Action item >>
Output exactly the lines that run from the top of the entries to the line holding "HP 212A Magenta", including both of those lines.

Provided data >>

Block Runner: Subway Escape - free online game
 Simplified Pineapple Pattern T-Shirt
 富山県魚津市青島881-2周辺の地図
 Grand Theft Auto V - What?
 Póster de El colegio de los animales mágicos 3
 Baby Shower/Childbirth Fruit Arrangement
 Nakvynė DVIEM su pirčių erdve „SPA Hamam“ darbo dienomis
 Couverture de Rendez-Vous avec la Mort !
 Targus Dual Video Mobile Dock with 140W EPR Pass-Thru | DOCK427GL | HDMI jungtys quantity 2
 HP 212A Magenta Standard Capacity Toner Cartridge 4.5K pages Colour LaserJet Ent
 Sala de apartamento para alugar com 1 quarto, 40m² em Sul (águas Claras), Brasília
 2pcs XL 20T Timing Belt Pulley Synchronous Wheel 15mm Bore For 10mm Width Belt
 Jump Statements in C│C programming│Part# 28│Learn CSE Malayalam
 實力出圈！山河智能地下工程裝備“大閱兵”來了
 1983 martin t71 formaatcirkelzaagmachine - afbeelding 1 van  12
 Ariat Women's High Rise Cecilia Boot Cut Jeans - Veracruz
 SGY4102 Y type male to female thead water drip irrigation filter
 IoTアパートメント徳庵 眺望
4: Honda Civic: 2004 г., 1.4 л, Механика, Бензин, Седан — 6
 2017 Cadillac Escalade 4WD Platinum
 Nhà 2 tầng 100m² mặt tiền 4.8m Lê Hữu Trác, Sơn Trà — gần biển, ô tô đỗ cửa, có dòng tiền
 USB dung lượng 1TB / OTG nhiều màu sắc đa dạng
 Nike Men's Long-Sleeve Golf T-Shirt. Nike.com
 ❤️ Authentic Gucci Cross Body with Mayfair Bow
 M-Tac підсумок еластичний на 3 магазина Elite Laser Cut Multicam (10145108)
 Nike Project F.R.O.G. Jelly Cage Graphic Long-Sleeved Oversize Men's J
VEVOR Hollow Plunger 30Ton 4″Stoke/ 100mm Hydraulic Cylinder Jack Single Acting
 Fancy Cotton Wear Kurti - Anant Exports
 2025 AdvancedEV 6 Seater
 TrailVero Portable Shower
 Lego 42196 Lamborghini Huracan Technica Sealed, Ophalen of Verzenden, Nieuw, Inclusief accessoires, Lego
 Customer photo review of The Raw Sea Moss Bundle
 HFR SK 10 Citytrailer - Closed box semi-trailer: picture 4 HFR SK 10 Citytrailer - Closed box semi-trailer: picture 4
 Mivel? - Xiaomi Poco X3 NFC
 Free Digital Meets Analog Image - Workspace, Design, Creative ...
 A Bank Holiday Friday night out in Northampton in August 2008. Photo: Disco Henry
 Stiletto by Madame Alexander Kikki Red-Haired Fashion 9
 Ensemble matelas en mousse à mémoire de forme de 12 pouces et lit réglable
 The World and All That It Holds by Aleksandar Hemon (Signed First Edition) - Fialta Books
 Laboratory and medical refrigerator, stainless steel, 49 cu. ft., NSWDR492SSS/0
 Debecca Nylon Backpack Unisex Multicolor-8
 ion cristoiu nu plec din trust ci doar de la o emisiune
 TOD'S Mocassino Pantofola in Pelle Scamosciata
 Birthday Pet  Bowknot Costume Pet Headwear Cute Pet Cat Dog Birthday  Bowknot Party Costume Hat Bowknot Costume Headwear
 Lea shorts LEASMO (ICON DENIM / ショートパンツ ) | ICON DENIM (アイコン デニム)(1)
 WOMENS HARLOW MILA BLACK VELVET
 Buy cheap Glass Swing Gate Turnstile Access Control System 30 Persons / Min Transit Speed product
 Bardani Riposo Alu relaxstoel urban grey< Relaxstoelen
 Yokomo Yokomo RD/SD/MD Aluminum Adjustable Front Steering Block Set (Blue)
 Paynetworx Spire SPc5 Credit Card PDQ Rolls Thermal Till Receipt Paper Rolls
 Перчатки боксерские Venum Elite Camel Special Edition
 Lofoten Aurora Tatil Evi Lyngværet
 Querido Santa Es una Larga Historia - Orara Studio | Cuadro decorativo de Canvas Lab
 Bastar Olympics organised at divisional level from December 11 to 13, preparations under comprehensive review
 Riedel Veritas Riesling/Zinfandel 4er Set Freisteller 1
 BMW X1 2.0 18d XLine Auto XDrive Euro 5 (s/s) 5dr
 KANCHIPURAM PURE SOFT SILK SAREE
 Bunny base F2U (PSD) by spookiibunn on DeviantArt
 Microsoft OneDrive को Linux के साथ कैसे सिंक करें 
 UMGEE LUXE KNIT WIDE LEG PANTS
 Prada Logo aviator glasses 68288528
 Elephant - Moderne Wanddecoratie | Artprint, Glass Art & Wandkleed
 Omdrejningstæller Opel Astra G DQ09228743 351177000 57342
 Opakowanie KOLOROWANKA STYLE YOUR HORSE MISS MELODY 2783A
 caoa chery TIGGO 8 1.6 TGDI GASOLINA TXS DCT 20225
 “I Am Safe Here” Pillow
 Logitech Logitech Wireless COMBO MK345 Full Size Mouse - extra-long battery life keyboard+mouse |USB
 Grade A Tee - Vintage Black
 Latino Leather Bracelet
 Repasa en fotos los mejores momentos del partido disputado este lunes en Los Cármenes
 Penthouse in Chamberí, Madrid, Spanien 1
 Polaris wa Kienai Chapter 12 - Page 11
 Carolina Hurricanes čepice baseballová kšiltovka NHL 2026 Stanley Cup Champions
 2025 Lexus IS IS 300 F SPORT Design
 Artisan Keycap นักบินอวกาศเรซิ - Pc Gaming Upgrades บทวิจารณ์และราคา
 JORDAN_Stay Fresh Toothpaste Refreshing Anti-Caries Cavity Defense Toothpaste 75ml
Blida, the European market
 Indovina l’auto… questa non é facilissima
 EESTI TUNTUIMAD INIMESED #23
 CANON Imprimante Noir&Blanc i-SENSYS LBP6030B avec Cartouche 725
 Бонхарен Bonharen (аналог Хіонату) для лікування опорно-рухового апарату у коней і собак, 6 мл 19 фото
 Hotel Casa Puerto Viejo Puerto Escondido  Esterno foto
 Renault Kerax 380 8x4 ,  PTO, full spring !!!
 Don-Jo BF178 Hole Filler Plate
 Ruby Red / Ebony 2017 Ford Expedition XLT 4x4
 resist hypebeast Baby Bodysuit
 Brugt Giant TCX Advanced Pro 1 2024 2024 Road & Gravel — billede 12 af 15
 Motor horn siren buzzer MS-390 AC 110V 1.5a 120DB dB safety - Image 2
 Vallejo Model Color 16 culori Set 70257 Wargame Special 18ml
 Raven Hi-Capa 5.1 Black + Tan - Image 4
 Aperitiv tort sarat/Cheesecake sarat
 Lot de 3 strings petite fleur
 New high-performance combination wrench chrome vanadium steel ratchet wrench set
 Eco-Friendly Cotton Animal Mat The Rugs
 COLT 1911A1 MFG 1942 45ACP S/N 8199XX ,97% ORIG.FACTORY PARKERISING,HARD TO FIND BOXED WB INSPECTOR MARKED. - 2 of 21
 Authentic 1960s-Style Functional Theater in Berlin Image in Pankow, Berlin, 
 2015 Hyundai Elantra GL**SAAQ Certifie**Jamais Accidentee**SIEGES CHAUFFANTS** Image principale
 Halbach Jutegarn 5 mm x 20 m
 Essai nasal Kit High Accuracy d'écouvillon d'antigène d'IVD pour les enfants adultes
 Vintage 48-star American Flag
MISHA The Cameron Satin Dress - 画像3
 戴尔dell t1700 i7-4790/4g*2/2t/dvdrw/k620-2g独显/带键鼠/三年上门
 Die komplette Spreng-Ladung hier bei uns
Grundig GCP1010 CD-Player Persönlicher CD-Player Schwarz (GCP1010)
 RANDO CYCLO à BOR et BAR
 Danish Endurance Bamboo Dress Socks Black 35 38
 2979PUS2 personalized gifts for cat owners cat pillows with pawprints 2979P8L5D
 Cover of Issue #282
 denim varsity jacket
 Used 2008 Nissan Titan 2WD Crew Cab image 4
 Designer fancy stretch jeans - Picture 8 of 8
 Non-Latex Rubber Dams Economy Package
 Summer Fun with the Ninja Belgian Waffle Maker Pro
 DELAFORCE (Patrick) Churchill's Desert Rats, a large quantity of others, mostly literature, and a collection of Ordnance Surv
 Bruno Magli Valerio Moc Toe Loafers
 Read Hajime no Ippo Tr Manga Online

Result >>
Block Runner: Subway Escape - free online game
 Simplified Pineapple Pattern T-Shirt
 富山県魚津市青島881-2周辺の地図
 Grand Theft Auto V - What?
 Póster de El colegio de los animales mágicos 3
 Baby Shower/Childbirth Fruit Arrangement
 Nakvynė DVIEM su pirčių erdve „SPA Hamam“ darbo dienomis
 Couverture de Rendez-Vous avec la Mort !
 Targus Dual Video Mobile Dock with 140W EPR Pass-Thru | DOCK427GL | HDMI jungtys quantity 2
 HP 212A Magenta Standard Capacity Toner Cartridge 4.5K pages Colour LaserJet Ent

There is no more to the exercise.